Three-dimensional atlas system for mouse and rat brain imaging data

Abstract

Tomographic neuroimaging techniques allow visualization of functionally and structurally specific signals in the mouse and rat brain. The interpretation of the image data relies on accurate determination of anatomical location, which is frequently obstructed by the lack of structural information in the data sets. Positron emission tomography (PET) generally yields images with low spatial resolution and little structural contrast, and many experimental magnetic resonance imaging (MRI) paradigms give specific signal enhancements but often limited anatomical information. Side-by-side comparison of image data with conventional atlas diagram is hampered by the 2-D format of the atlases, and by the lack of an analytical environment for accumulation of data and integrative analyses.

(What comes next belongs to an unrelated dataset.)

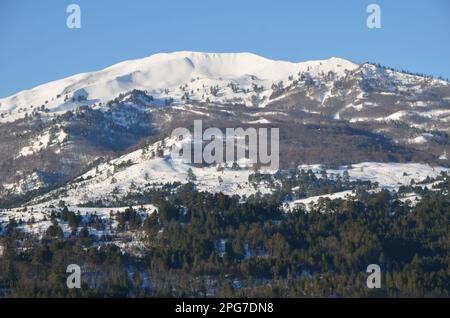 Griechenland, Nordgriechenland, Grevena Filippaioi traditionelles Dorf Stockfoto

We here present a method for reconstructing 3-D atlases from digital 2-D atlas diagrams, and exemplify 3-D atlas-based analysis of PET and MRI data. The reconstruction procedure is based on two seminal mouse and brain atlases, but is applicable to any stereotaxic atlas. Currently, 30 mouse brain structures and 60 rat brain structures have been reconstructed. To exploit the 3-D atlas models, we have developed a multi-platform atlas tool (available via The Rodent Workbench, http://rbwb.org) which allows combined visualization of experimental image data within the 3-D atlas space together with 3-D viewing and user-defined slicing of selected atlas structures. The tool presented facilitates assignment of location and comparative analysis of signal location in tomographic images with low structural contrast.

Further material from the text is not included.